DIRECTIONS FOR THIS TASK:
Below is a listing with pictures in it. Copy it exactly without them.

THE DATA:
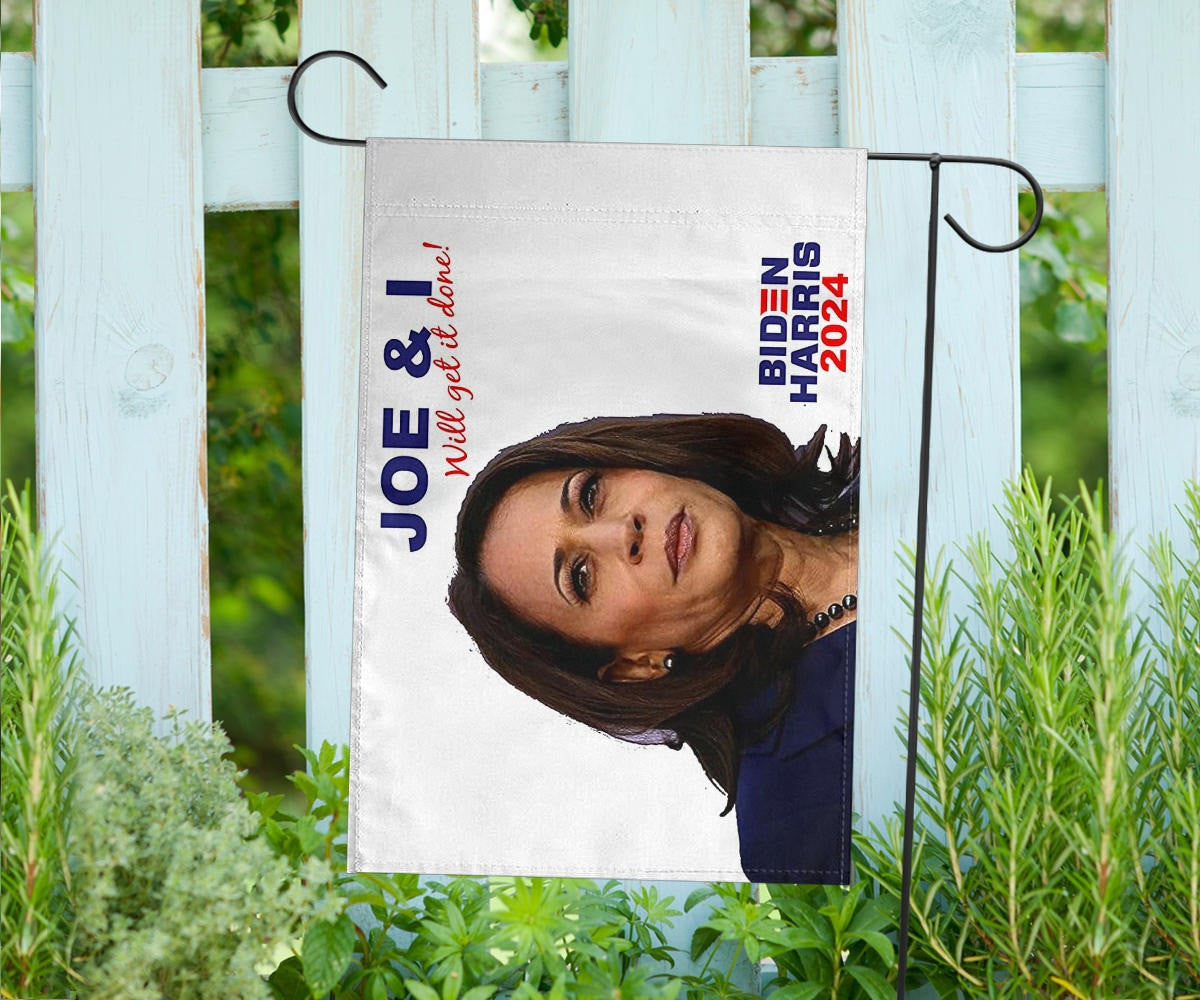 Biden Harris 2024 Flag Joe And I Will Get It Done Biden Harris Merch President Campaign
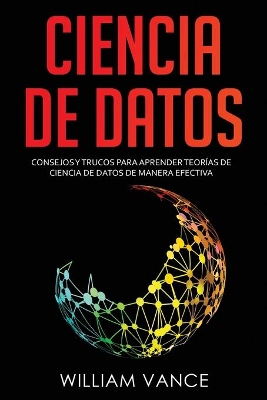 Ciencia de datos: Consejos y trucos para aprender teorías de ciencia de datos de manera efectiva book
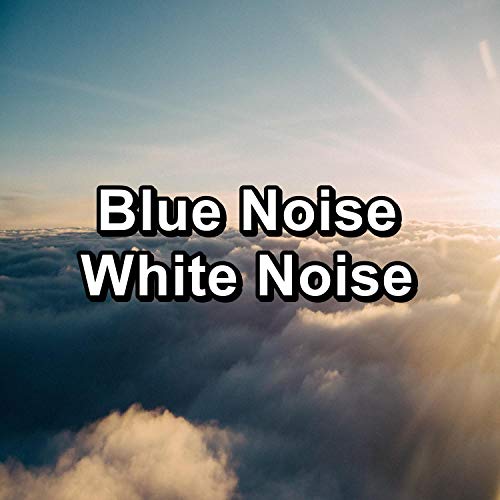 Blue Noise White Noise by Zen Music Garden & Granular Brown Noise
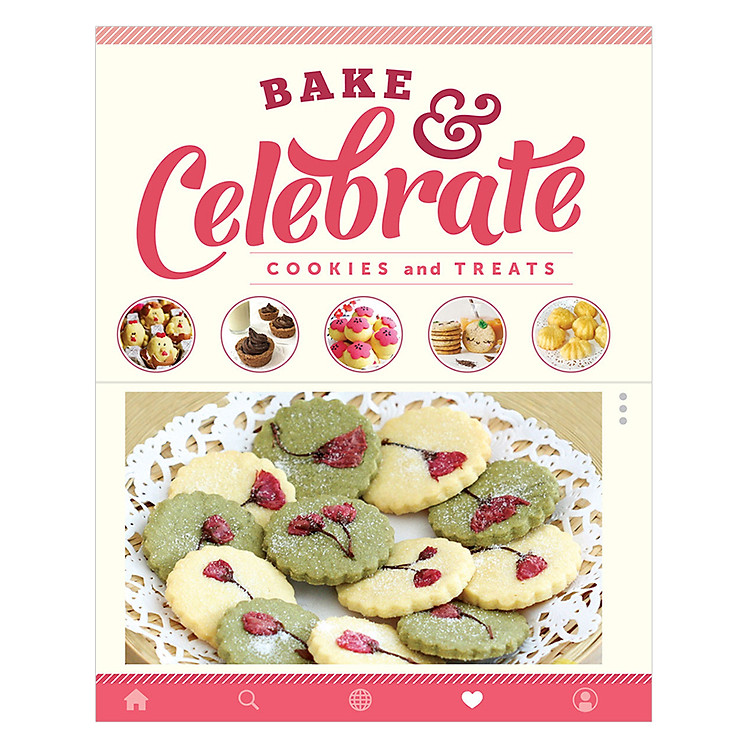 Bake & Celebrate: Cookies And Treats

TASK RESPONSE:
 Biden Harris 2024 Flag Joe And I Will Get It Done Biden Harris Merch President Campaign
 Ciencia de datos: Consejos y trucos para aprender teorías de ciencia de datos de manera efectiva book
 Blue Noise White Noise by Zen Music Garden & Granular Brown Noise
 Bake & Celebrate: Cookies And Treats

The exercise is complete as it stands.